::: DATA RECORDS
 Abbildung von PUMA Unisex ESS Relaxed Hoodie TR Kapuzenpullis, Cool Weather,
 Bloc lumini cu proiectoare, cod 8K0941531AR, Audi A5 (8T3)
::::::
::: DATA RECORDS
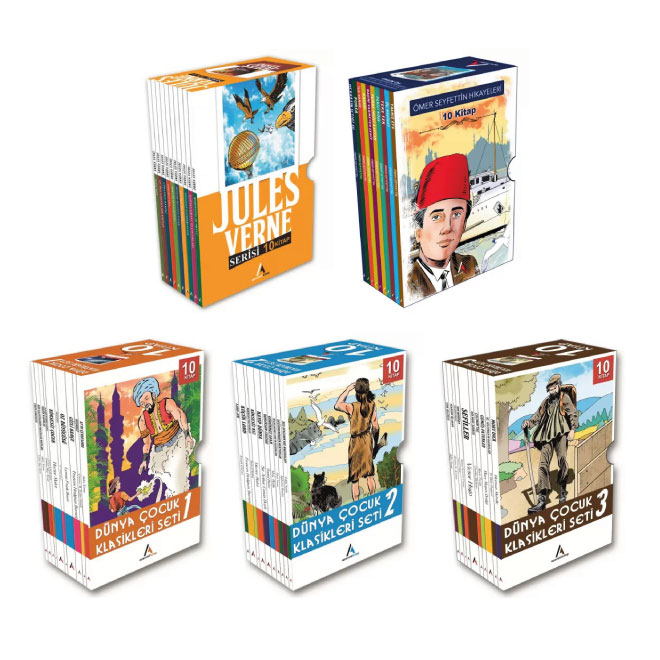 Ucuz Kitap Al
::::::
WORK INSTRUCTION:
From the data above, return every line from the line that has "Abbildung von PUMA" up to and including the line that has "Bloc lumini cu", exactly.

OUTPUT FOR THIS TASK:
 Abbildung von PUMA Unisex ESS Relaxed Hoodie TR Kapuzenpullis, Cool Weather,
 Bloc lumini cu proiectoare, cod 8K0941531AR, Audi A5 (8T3)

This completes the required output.